26 de maio de 2003
Cenas de rua

"Lenço de cinco pontas", era assim que meu pai chamava. O sujeito vem pela rua e de repente estanca. Olha ao redor, para certificar-se da posição dos passantes e, ato contínuo, aperta um das narinas com o polegar, abre os outros dedos em leque, inclina ligeiramente a cabeça, toma fôlego e espira fortemente com a narina livre. Depois, sacode a mão e retoma sua caminhada, mais leve e desobstruído.

A ação classifica-se sob a singela rubrica "assoar o nariz", que compreende diversas modalidades e variações. Esta eu pensava banida do repertório nasal. Mas, como se vê, ainda mantém adeptos, fervorosos amantes da tradição.

Se estivesse na China, aterrorizada pelo espectro da superpneumonia, o cidadão, se escapasse do linchamento, seria preso e enviado para um reformatório.
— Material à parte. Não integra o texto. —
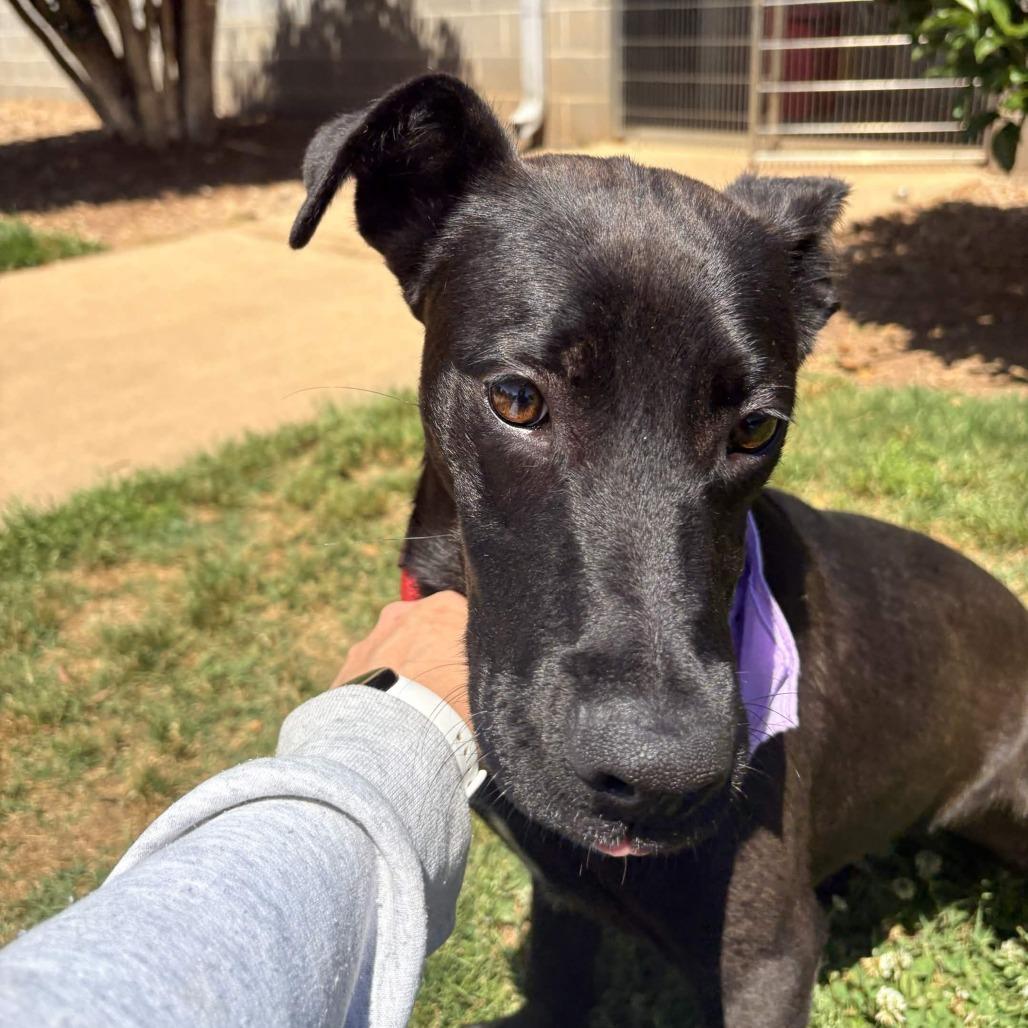 Enlarge Marina, a Adoptable mixed breed in Greenville, SC image 5/6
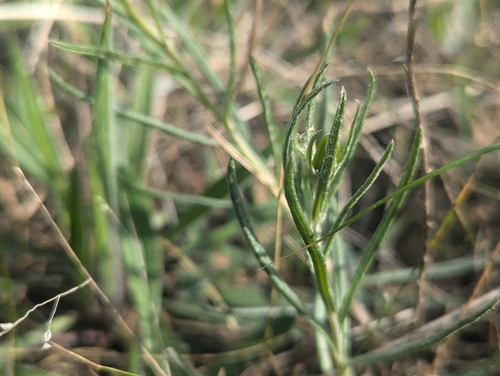 Senecio macrocarpus, photograph 4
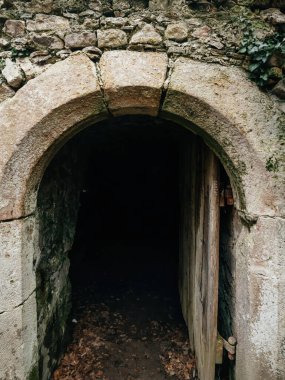 A dim stone archway leading into darkness within an abandoned castle, surrounded by crumbling stonework and fallen leaves, evoking a haunting aura. clipart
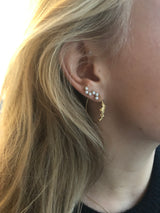Small Curves 9K Gold Earring w. Pearls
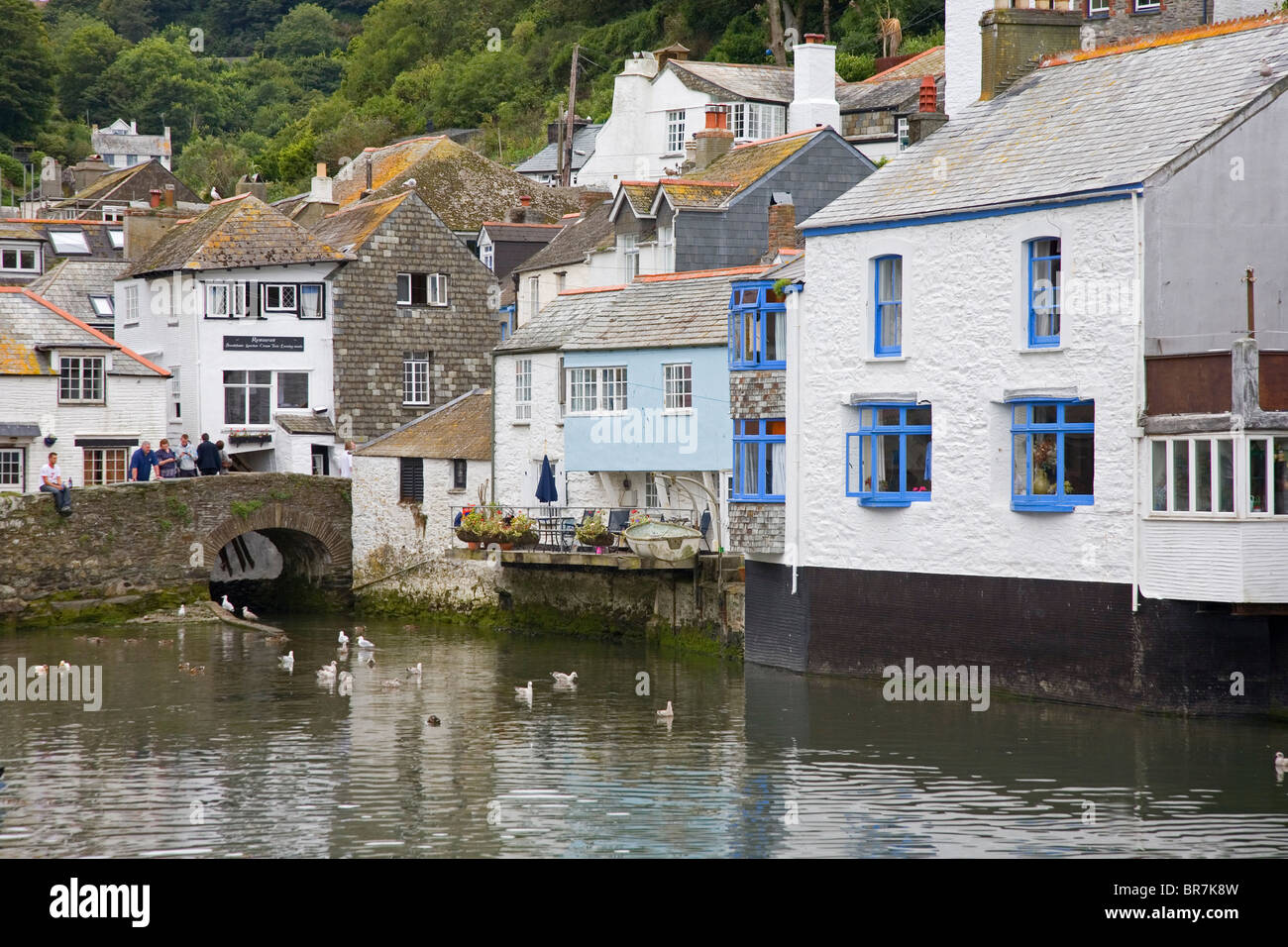 Cottages on the quayside harbour at the traditional fishing village of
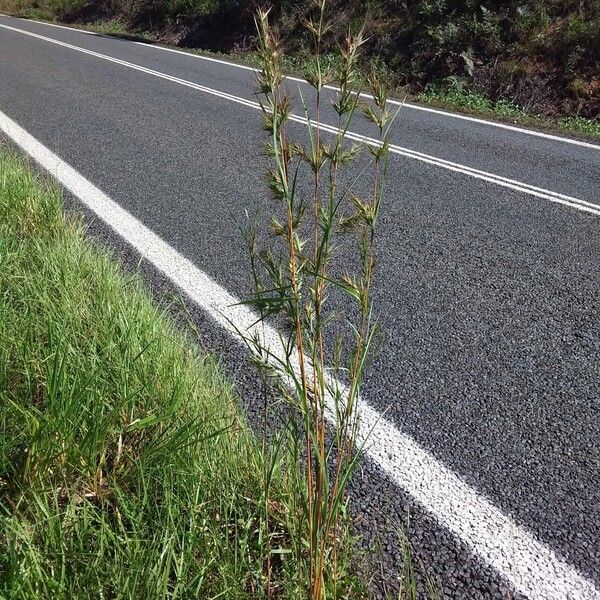 Themeda quadrivalvis Habit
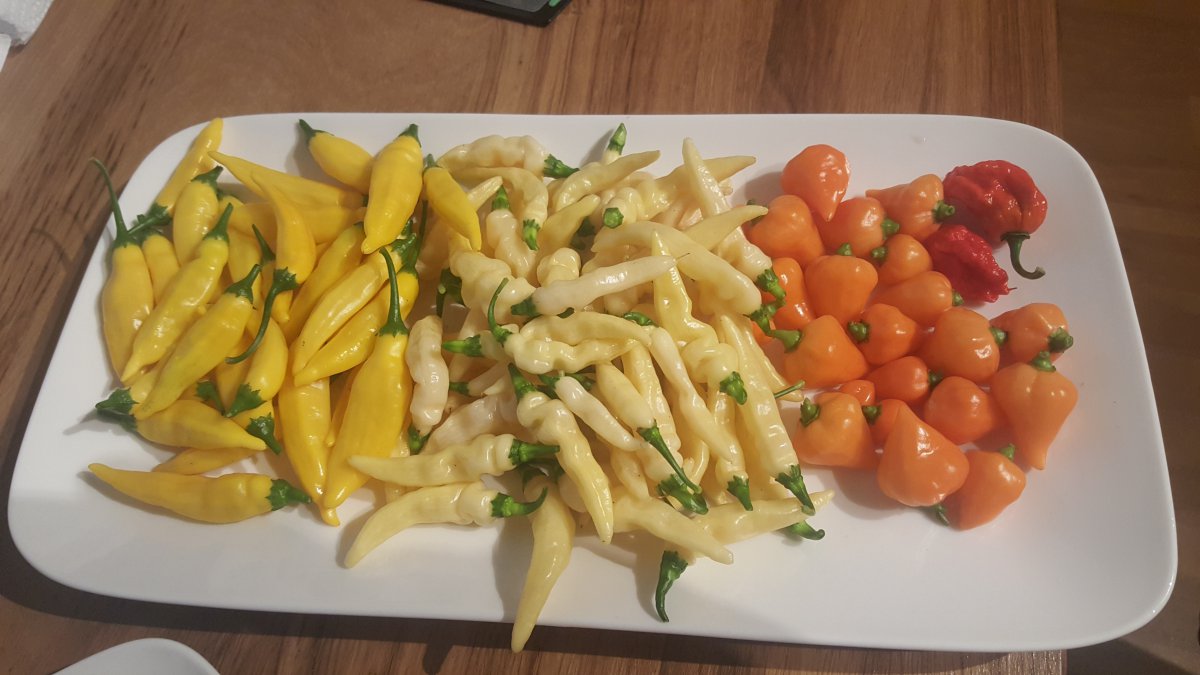 Lemon Drop, Murupi Amarela, Orange Lantern, Carolina Reaper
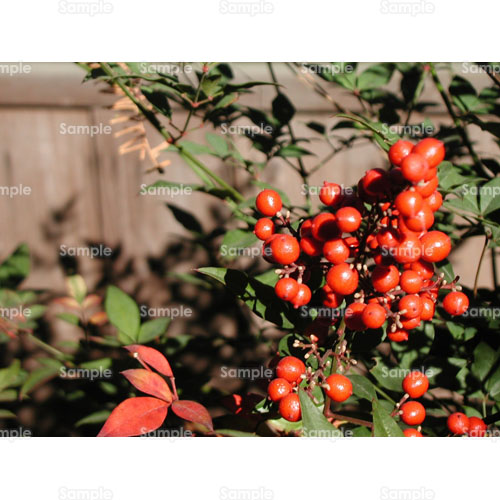 ;ȂĂGVGieG~GӂGEC^[;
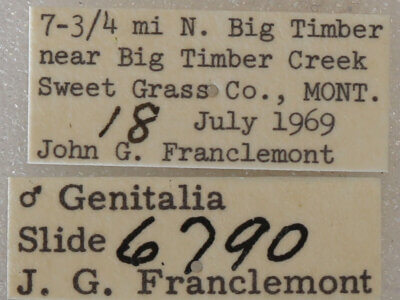 label view of adult Setagrotis pallidicollis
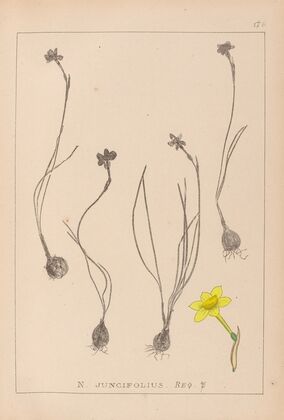 Herbier de la flore française Pl.0967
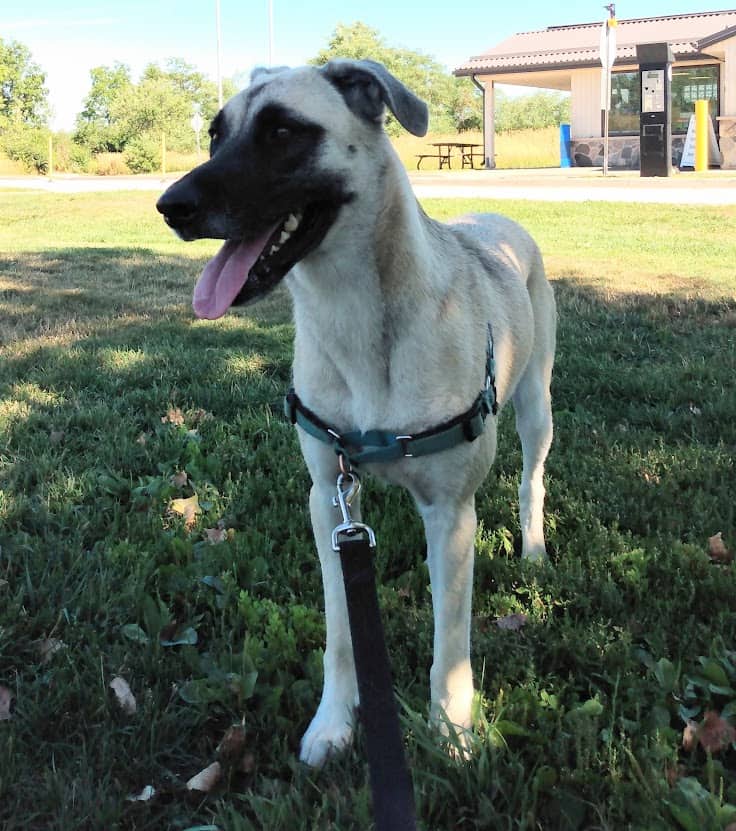 Kiju - Mixed Breed available for adoption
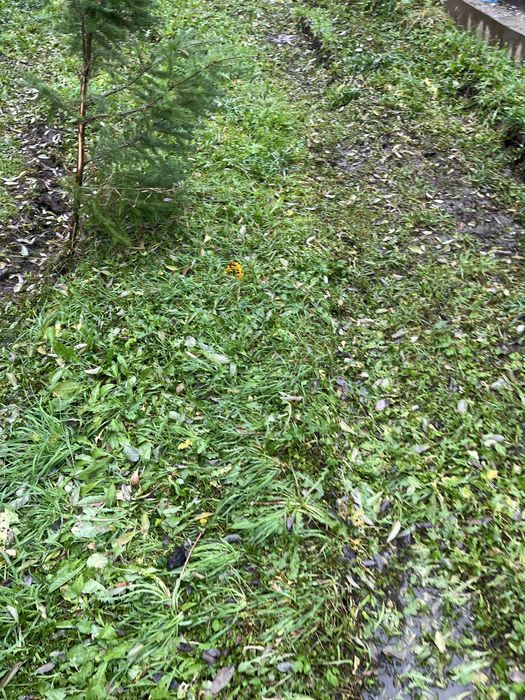 działkę pod farmę pv Łomazy wydzierżawię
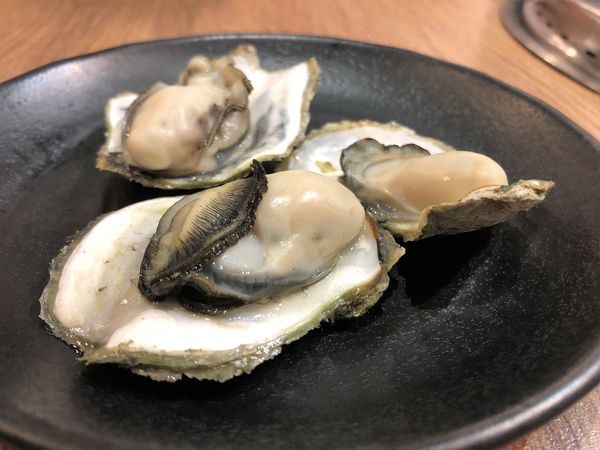 ●嘉義食記●好客燒烤/嘉義秀泰店/吃到飽推薦/超高cp值/嘉義燒肉/聚餐飽足好去處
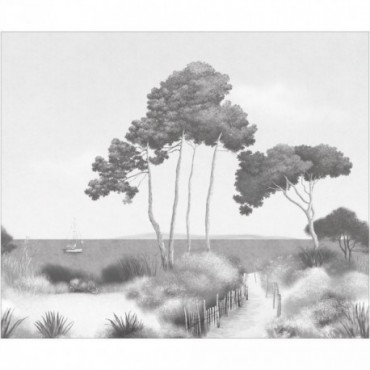 Panoramique CASELIO Moonlight 3 MNL3107270907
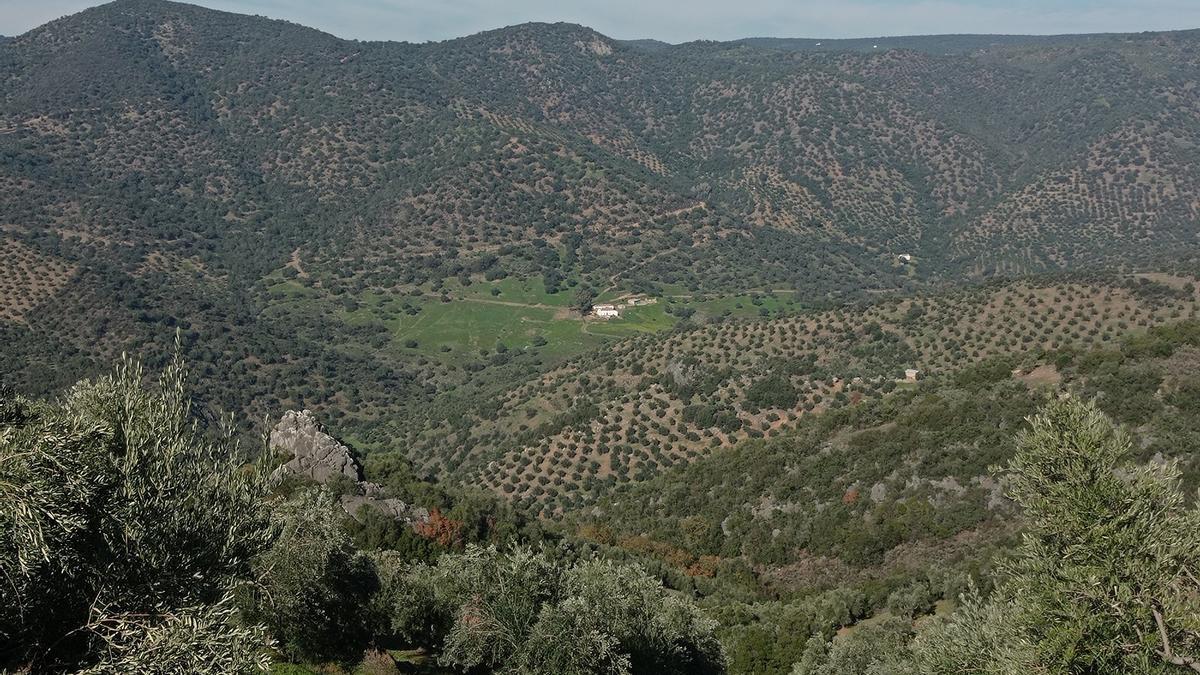 El paisaje del olivar está un poco más cerca de ser reconocido como Patrimonio Mundial.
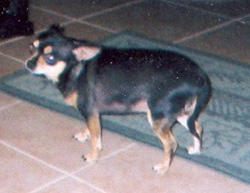 Muchita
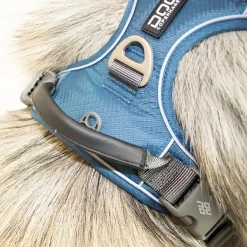 DOG Copenhagen Comfort Walk Pro hundesele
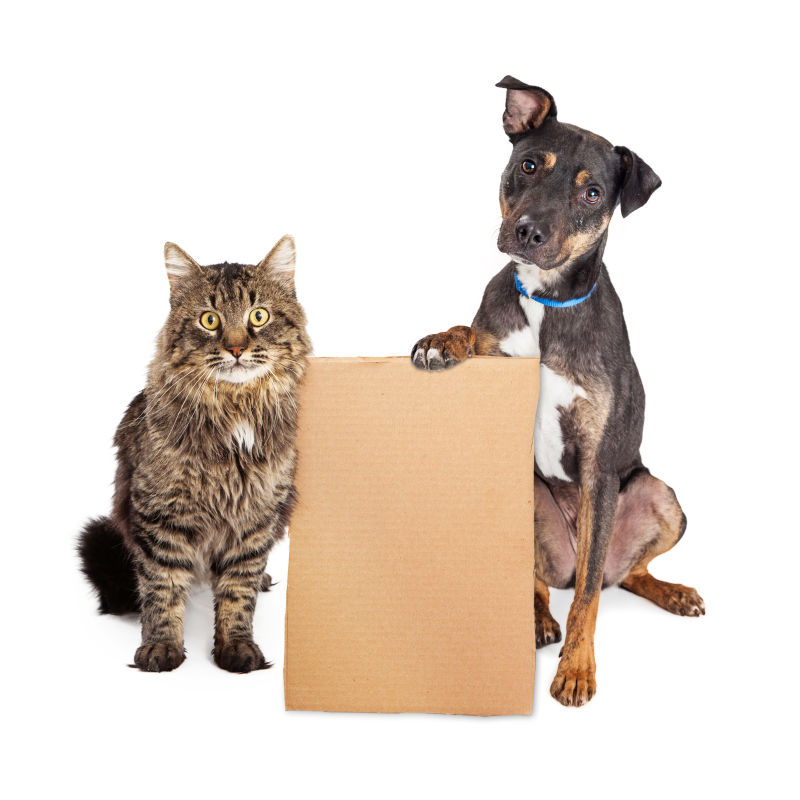 空白纸板和猫狗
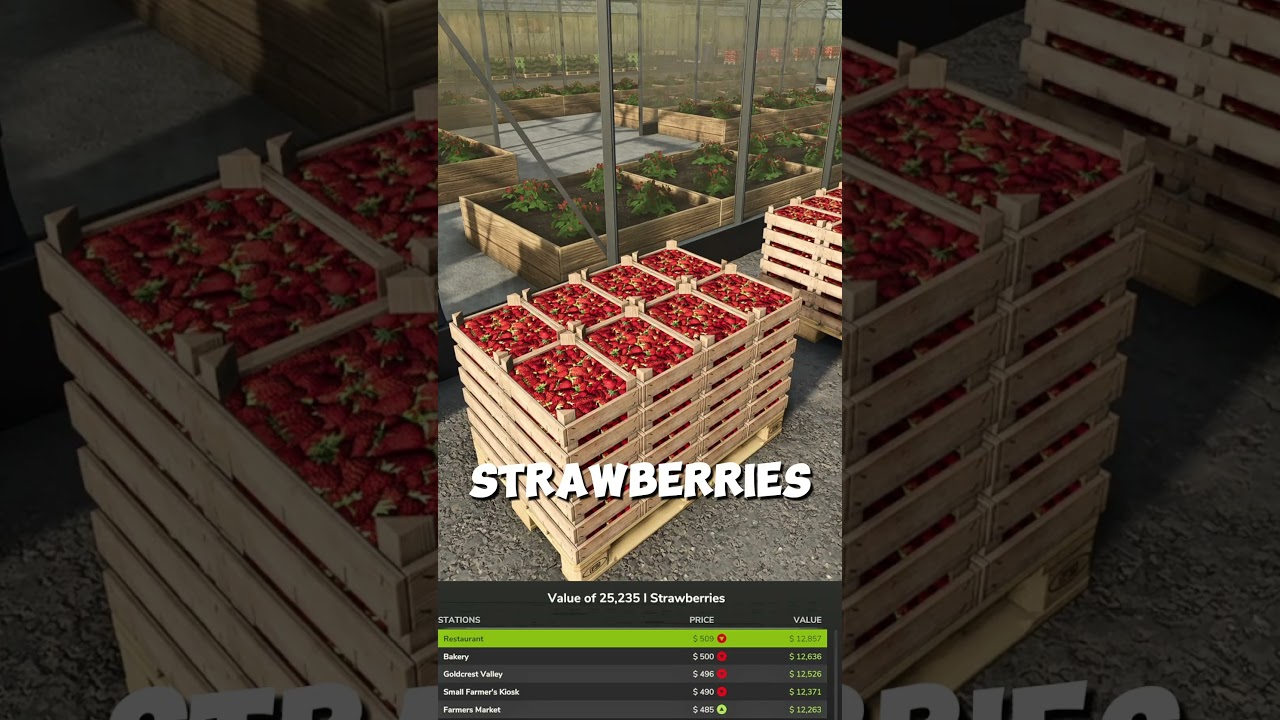 УДВОИТЕ СВОЮ ПРИБЫЛЬ В FARMING SIMULATOR 25!!!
Soube por Heródoto que o ato de cuspir em público era proibido entre os persas, o que aparentemente muito espantava aos gregos. Cuspe à distância nunca chegou a ser uma modalidade olímpica, mas os gregos eram mais liberais do que os persas quanto a certos usos e costumes. Talvez não se chocassem com o "lenço de cinco pontas". "Sou um grego!", poderia bradar o involuntário personagem desta crônica.

Mas há outros. Logo adiante, cruzo com oito meninas de cabelos muito curtos, vestidas em longos camisolões marrons de pano grosso e sandálias. São carmelitas, do convento localizado em uma ladeira rente aos Arcos, que sobe da Lapa para Santa Teresa. Elas desceram de seu claustro para cuidar dos mendigos que fazem ponto no bairro. Sua generosidade constrasta com a exuberante indiferença do atleta nasal. Este, vive para si e seu nariz. Elas abriram mão de tudo, num incompreensível voto de pobreza.

A cena é insólita: o mendigo silencioso e imóvel, emperdiga-se no banco em frente à Sala Cecília Meirelles enquanto duas ou três carmelitas sorridentes o cercam, cortando-lhe os cabelos, aparando-lhe as unhas. O mendigo está tomado de um senso de nobreza que só os mendigos, os loucos e os verdadeiramente nobres são capazes. Não se sente alvo de caridade, mas de reconhecimento e usufrui dele com elegância incomum.

As carmelitas estão felizes, imunes ao mau cheiro, aos piolhos, ao medo. Certamente, jamais lerão esta crônica, alheias ao mundo no que ele tem de menor.